Results of Operations:  Six Months Ended March 31, 1997 vs. Six Months
Ended March 31, 1996

  Revenues for the first six months ended March 31, 1997 decreased by
$2,133,000 (1.9%) from $113,228,000 to $111,095,000.  The number of loads
carried decreased 5.2% while average miles per load increased 3.7%. 
Revenues from the Company's non-bulk trucking subsidiaries increased and
now represent more than 20% of revenues.

  Operating expenses decreased by $491,000 (.5%) reflecting the decrease
in loads carried.  Higher fuel prices caused an increase in fuel costs of
$1,029,000 compared with the same six months of last fiscal year.  This 
increase was offset in large part by decreased terminal expenses of
$980,000 with the remainder of the operating expense decrease resulting
from the lower level of business and cost containment efforts.  Operating
expenses as a percentage of revenues increased to 85.1% in 1997 from 83.9%
in 1996.

  Depreciation expense increased by $585,000 (9.9%) principally due to the
capital expenditures made in fiscal 1996 and the first quarter of fiscal
1997.

  Selling and administrative expenses decreased by $658,000 (7.2%) mainly
due to the lower level of business and the Company's continued efforts to
control costs.  Selling and administrative expenses were 7.7% of revenues
in 1997 and 8.1% in 1996.

  Interest expense for the six months ended March 31, 1997 was essentially
the same as last fiscal year.

  The effective income tax rates for the six months ended March 31, 1997
and 1996 were 48.0% and 44.7%, respectively.  Non-deductible expenses and
lower earnings caused the increase in the effective tax rate for fiscal
1997.

  Net earnings decreased to $51,000 or $.01 per share from $903,000 or $.10
per share in the prior year.  The decrease in earnings resulted principally
from lower revenues and higher depreciation expense.
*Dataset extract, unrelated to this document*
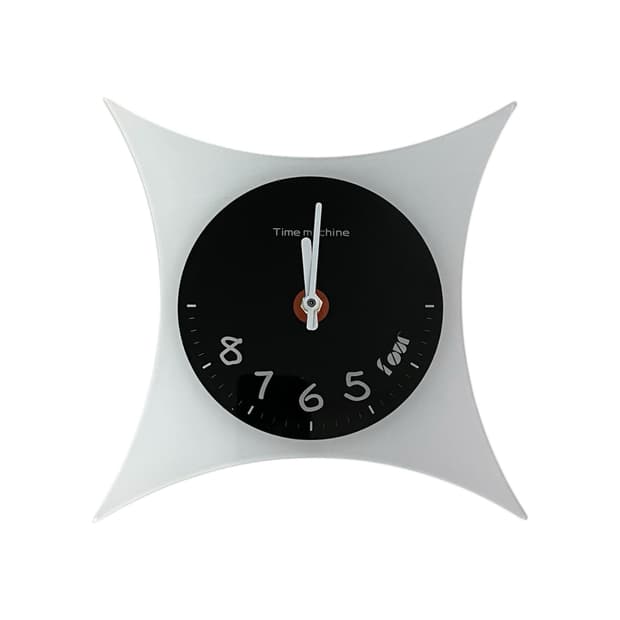 White Orbit Clock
Results of Operations:  Quarter Ended March 31, 1997 vs. Quarter Ended
March 31, 1996

  Revenues for the quarter ended March 31, 1997 were $56,538,000 compared
with $57,666,000 reported in the second quarter last year.  The decrease of
$1,128,000 (2.0%) was primarily attributable to a 1.8% decrease in revenue
per mile.  The number of loads carried decreased by 5.1% but was offset by
a 4.4% increase in the average miles per load.  Non-bulk trucking revenues
continue to increase and were more than 20% of total revenues for the
quarter ended March 31, 1997.

  Operating expenses decreased by $266,000 (.6%) reflecting the decrease
in loads carried.  Operating expenses as a percentage of revenues increased
to 84.7% in 1997 from 83.5% in 1996.

  Capital expenditures made in fiscal 1996 and the first quarter of fiscal
1997 resulted in increased depreciation expense of $308,000 (10.3%) for the
quarter ended March 31, 1997.



FORM 10-Q                                                     Page 6 of 7

  Selling and administrative expenses decreased by $475,000 (10.3%) mainly
due to the lower level of business.  Selling and administrative expenses
were 7.3% of revenues in 1997 and 8.0% in 1996.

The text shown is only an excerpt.